Como o nosso sistema tem sempre esse elemento autoritário, que é a medida provisória, o governo se mantém e o Congresso fica cada vez mais achatado. Ora, a população que o sistema político vem perdendo legitimidade a olhos vistos. Enquanto a economia foi bem, essa crise não foi percebida. Agora, quando a economia não vai bem e tudo balança, ela aparece. Quando a presidente propõe um plebiscito, por exemplo, a ideia não se segura um mês porque não foi costurada, nem discutida e nem está atrelada a uma agenda política verdadeira. Estamos nos aproximando de uma situação delicada. Uma coisa são as flutuações econômicas, outra coisa é a paralisação da administração e do sistema político. Isso gera a separação entre sociedade e governo.

O senhor diria que estamos indo nessa direção?
Sim, e corremos riscos. Um deles é a perda da capacidade de olhar o futuro e tomar decisões. Outro é o de provocar uma irritação popular incontrolável - e daí, como resolver? As demandas estão crescendo, o Estado não toma decisões, não entende que boa parte do que faz pode ser passado para o setor privado, e faltam lideranças. Eu diria que, hoje, não temos o que ensinar sobre democracia. Temos é que aprender. Por exemplo, como é que a democracia convive com as redes sociais? Isso não está claro. Falta ouvir mais, estudar mais e dar espaço para a criatividade. Não podemos dizer que um partido, o PT, seja o culpado por tudo o que estamos vivendo. Até porque tudo é mais grave do que isso.

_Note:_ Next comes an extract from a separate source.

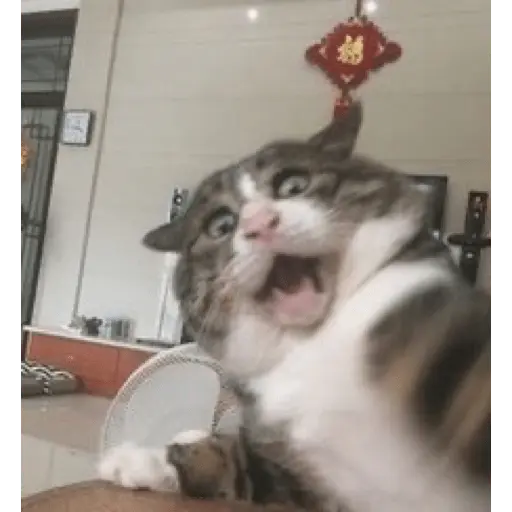 Memes gatitos #3 🐱✨🌷 5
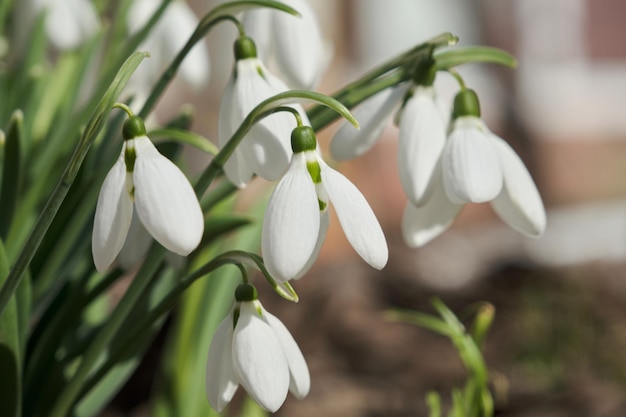 Close-up shot van verse vroege sneeuwklokjes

Em que pese a animosidade atual entre o seu partido e o PT, lá trás o senhor determinou que se fizesse uma transição transparente do seu governo para o do presidente Lula, em 2002.

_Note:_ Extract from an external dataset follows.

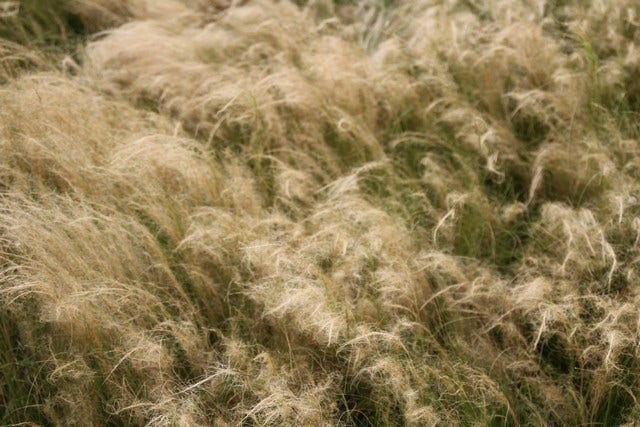  Vedergras (Stipa Tenuissima 'Ponytails')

Lula reconheceu isso de público recentemente, falando a empresários em Ribeirão Preto. Decerto imaginou que eram favoráveis a mim... Lula sabe o que fiz. Sempre tive preocupação institucional, daí o cuidado em transferir o poder, fincando bons fundamentos. Uma coisa que sempre me irritou na vida foi me chamarem de "neoliberal", esse qualificativo que não vale nada. Meu governo foi o oposto ao neoliberalismo. Fizemos ajuste fiscal, estabelecemos regras para a economia, aumentamos o salário mínimo, tocamos a reforma agrária, os programas sociais, demos prioridade à educação....e, diante do que foi feito, os governos posteriores ao nosso puderam avançar. Mas hoje não se preocupam em dar sustentabilidade ao que se construiu. Na vida política brasileira falta pensamento, falta interconexão e, no fundo, no fundo, falta grandeza. Você não vê ninguém dizendo vamos juntar forças e melhorar o País. Você só vê gente dizendo vamos juntar forças para ganhar eleição. Muito bem, ganha e faz o que depois? Como é que vai ser governar em 2015? Eu não sei.